Возвратившись из Гавра с деньгами, вырученными от продажи нескольких картин некоему господину Годиберу, ниспосланному несчастному художнику Провидением, Клод решил не возвращаться в Беннекур и, по совету Ренуара, гостившего у родных в Лувесьенне, остановиться в Буживале, точнее, в деревушке Сен-Мишель. В те времена средства передвижения были еще довольно ограниченны, и этот район в долине Сены, где проходила железная дорога Париж — Сен-Жермен, просто кишел парижанами, с ранней весны устремлявшимися сюда купаться, заниматься греблей, устраивать завтраки на траве и пьянствовать в кабачках у реки. Шату, Буживаль и — на противоположном берегу — Круасси пользовались особой популярностью у столичных жителей. Каждое лето, по воскресеньям, горожане толпами устремлялись на острова и лужайки, расположенные по обоим берегам.

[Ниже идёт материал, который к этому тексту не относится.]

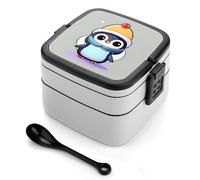 ERSTSNCK Cute Penguin Print Bento Box 1000ml Leak Proof Lunch Container with Removable Dividers & Spoon - BPA-Free PP Stackable Lunch Box for Work, Office, Picnic, Travel, Dining Out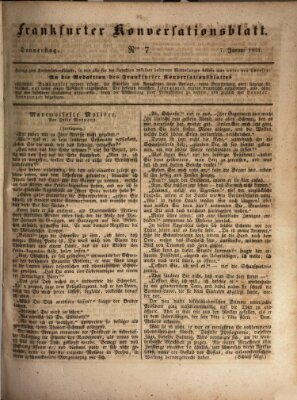 Frankfurter Konversationsblatt (Frankfurter Ober-Post-Amts-Zeitung) Donnerstag 7. Januar 1841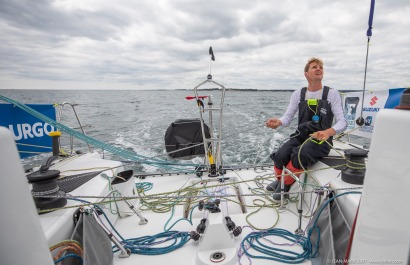 Loïs Berrehar, Skipper du Figaro Bretagne CMB Performance, le 24 mai 2019, photo © Jean-Marie LIOT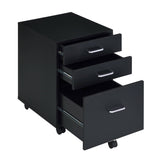 ZNTS Black and Chrome 3-Drawer Rectangular File Cabinet B062P184517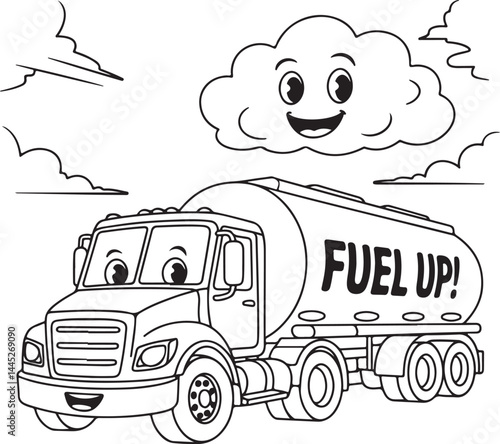 Happy Fuel Tanker Truck Cartoon Coloring Page Illustration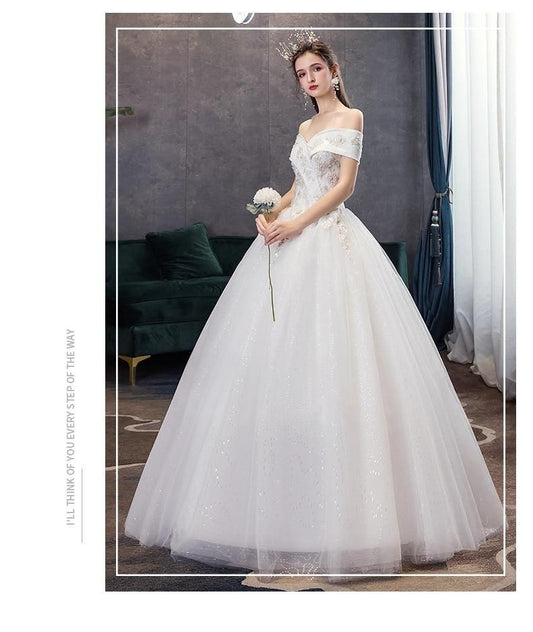 Sexy Off The Shoulder Embroidery Wedding Gown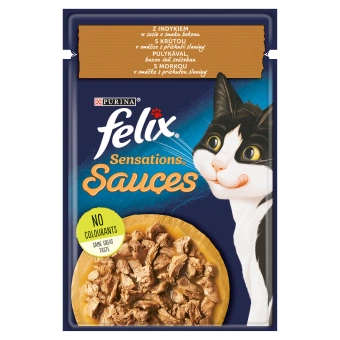 Felix Sensations Sauce Karma dla kotów z indykiem w sosie o smaku bekonu 85g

Два заведения были особенно в моде: «Лягушатник», стоявший напротив острова Круасси, в тихой заводи Сены, и ресторан «Фурнез» на самом острове, возле моста Шату; именно они вошли в историю импрессионизма.

«Лягушатник» представлял собой кафе на воде, размещавшееся на пришвартованном к берегу Сены понтоне, стоявшем в небольшом рукаве реки и соединявшемся с островом переходным мостиком, перекинутым через крохотный островок, который одни называли «цветочным горшком», другие — «камамбером». Прелестный уголок, где во времена Второй империи царила привычная атмосфера беззаботности и счастья, подробно описан и братьями Гонкурами, и Золя, и Мопассаном. Последнему особенно была по душе веселая атмосфера «Лягушатника». В новелле «Жена Поля», вышедшей одновременно с «Заведением Телье», описана «целая флотилия яликов, гоночных лодок-одиночек, байдарок, шлюпок, самых разнообразных по форме и материалу, которые скользили по неподвижной глади, сталкивались, задевали друг друга, цеплялись веслами, внезапно останавливались от мощного захвата и расходились от толчка жилистой руки и мчались по волнам, напоминая желтых и красных рыб».